A selfie, pelo contrário, transaciona sobre o imediato, como se o sujeito histórico se tivesse tornado evanescente e a sua duração (histórica, psicológica...) se dissolvesse para permitir que a aparição instantânea se torne um fim. A proposição que move a selfie é agora este videor ergo sum (sou visto logo existo), propagado por toda a parte. Mas fazer depender a existência deste tipo de visibilidade dá razão àquilo que o psiquiatra italiano Giovanni Stanghellini escreve num ensaio recente (“Selfie. Sentirsi nello sguardo dell’altro”, Feltrinelli, 2020): “a instantaneidade da selfie é semelhante à temporalidade esfomeada e sem fôlego de um ataque bulímico”. De facto, para compreendermos a contemporânea bulimia que nos torna a todos produtores ininterruptos de imagens temos de procurar a razão de fundo que permanece escondida, e que é uma dramática anorexia em relação ao ser.

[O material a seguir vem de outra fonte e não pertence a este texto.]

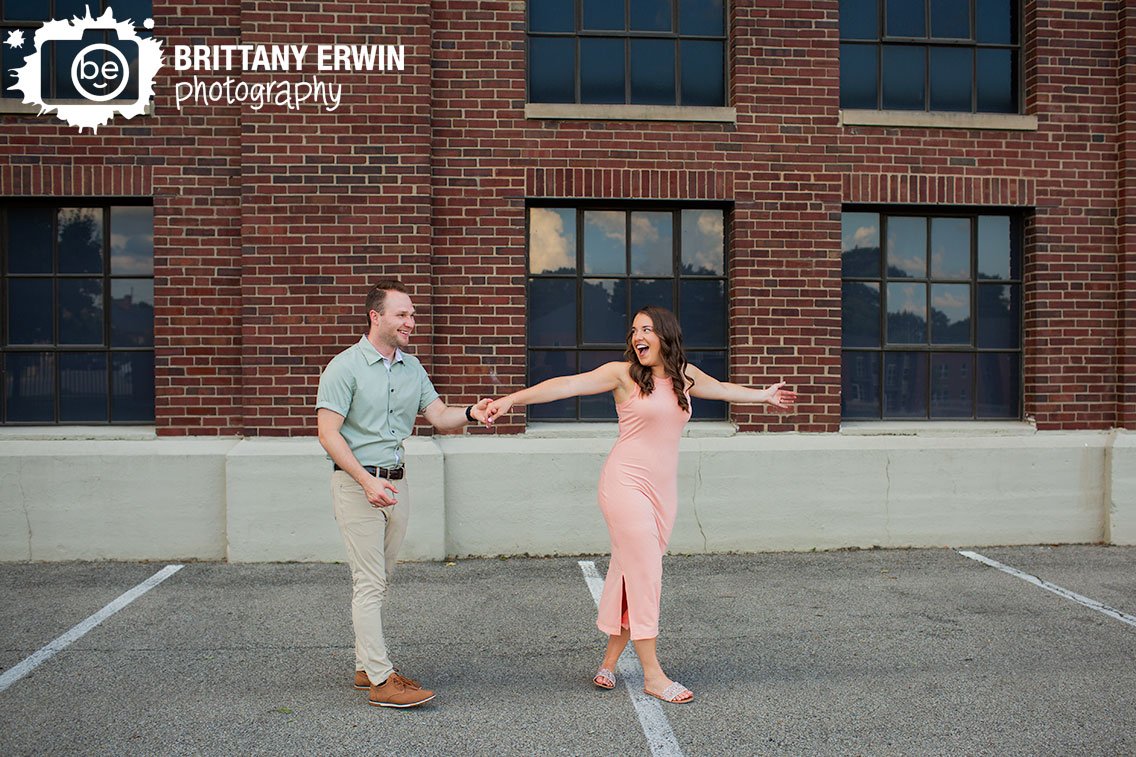 Couple-dancing-by-brick-wall-Indianapolis-engagement-photographer.jpg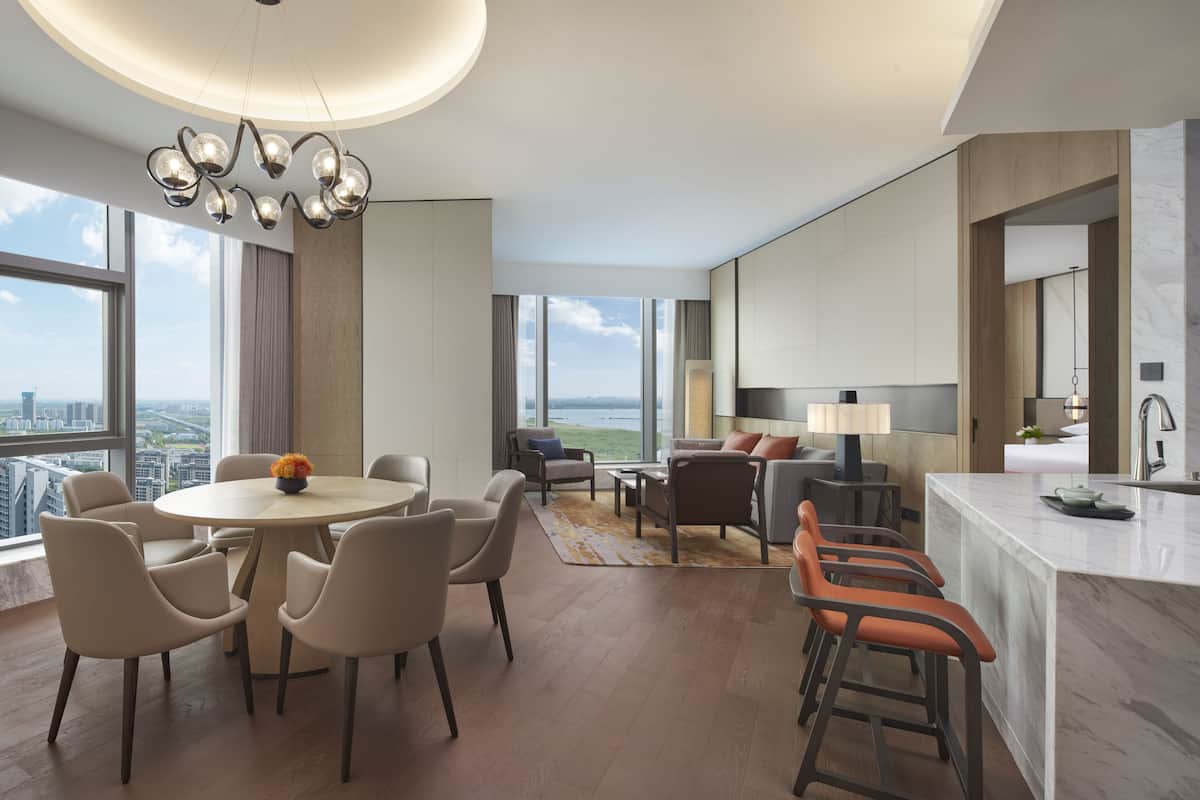 Une chambre d’hôtel moderne dotée d’un coin repas, d’une cuisine et d’une grande fenêtre donnant sur la ville.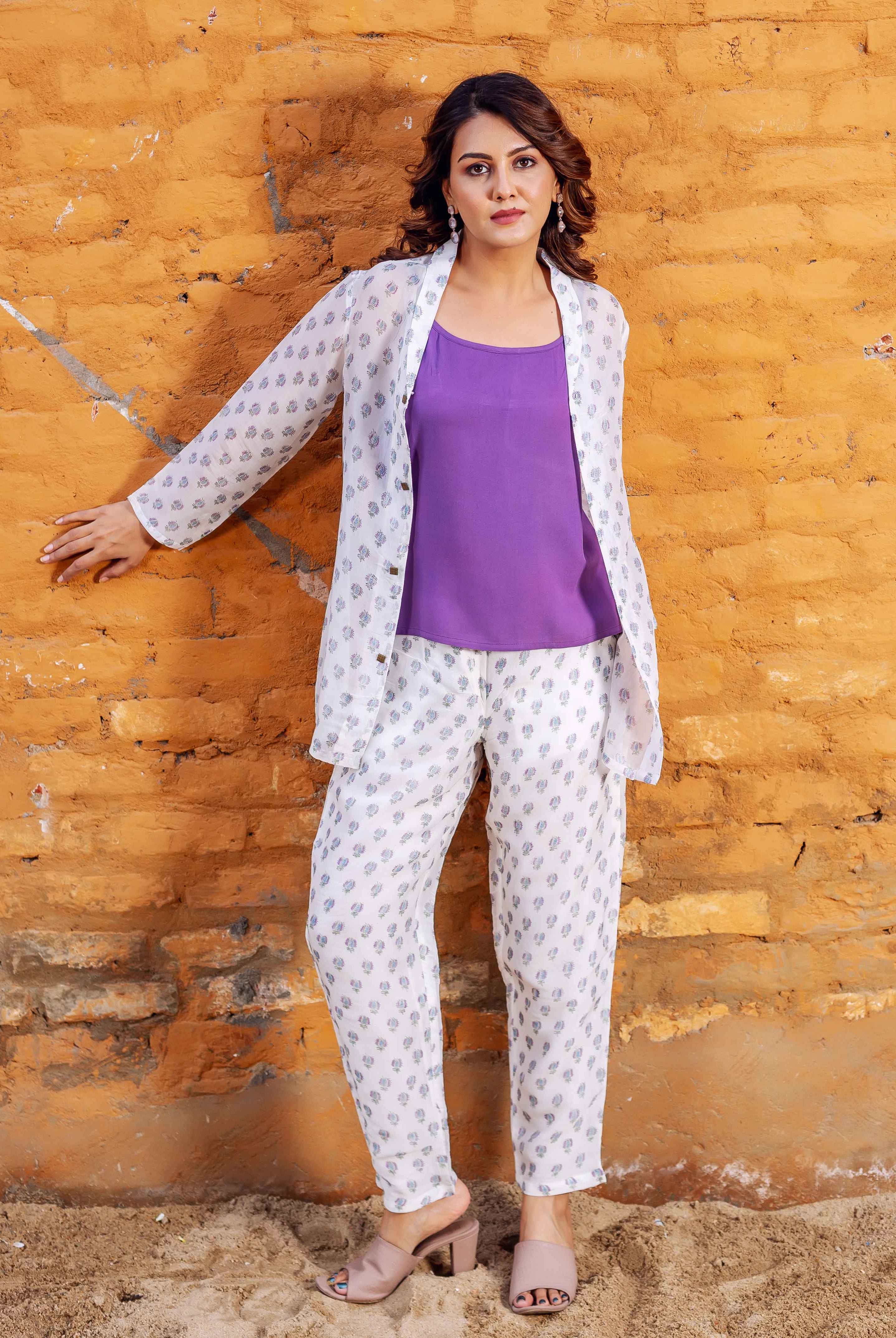 Model in white hand-block printed co-ord set with purple tank top, full look.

A fotografia testemunhava assim, de um modo amplo e singular, o domínio visível do sujeito, mas também nos avizinhava do seu campo invisível


É verdade que enquanto a fotografia tradicional nos permitia dizer “eu sou esta pessoa”, a selfie nos parece fazer dizer “eu estou aqui”. Mas este “aqui” é um espaço atópico, errante, que nunca chega a ser habitado. Por isso se caracteriza justamente o selfista como um turista e não já como um viajante. Enganamo-nos, portanto, se pensamos que a selfie serve para assinalar a nossa passagem por um determinado lugar: ela é sim o resultado de uma radical desterritorialização da vida, capturada pela ânsia da comunicação virtual, mais do que pelo desejo de documentar o real.

O que procuramos então nas selfies? Stanghellini explica que buscamos uma “prótese” existencial, uma “técnica de si” ativada para dar uma resposta ficcional à necessidade de fundar a própria identidade. Perante a exigência de nos definirmos a nós próprios, em tempos de “aporia identitária”, a selfie é “o dispositivo que responde (que tenta responder) à pergunta ‘quem sou?’”. Mas este psiquiatra que dirige uma escola de psicoterapia em Florença é dirimente: “O mito da instantaneidade como satisfação alucinatória da necessidade de vizinhança ou de ultrapassagem da distância transforma a experiência do sujeito apenas numa sequência sincopada de acontecimentos isolados e encerrados neles mesmos. E quando pedimos aos outros para assistir — se bem que ao longe — a estes acontecimentos, é porque só nos sentimos presentes quando fazemos de nós próprios um espetáculo.” Não admira que a era da selfie seja também a do crepúsculo do rosto.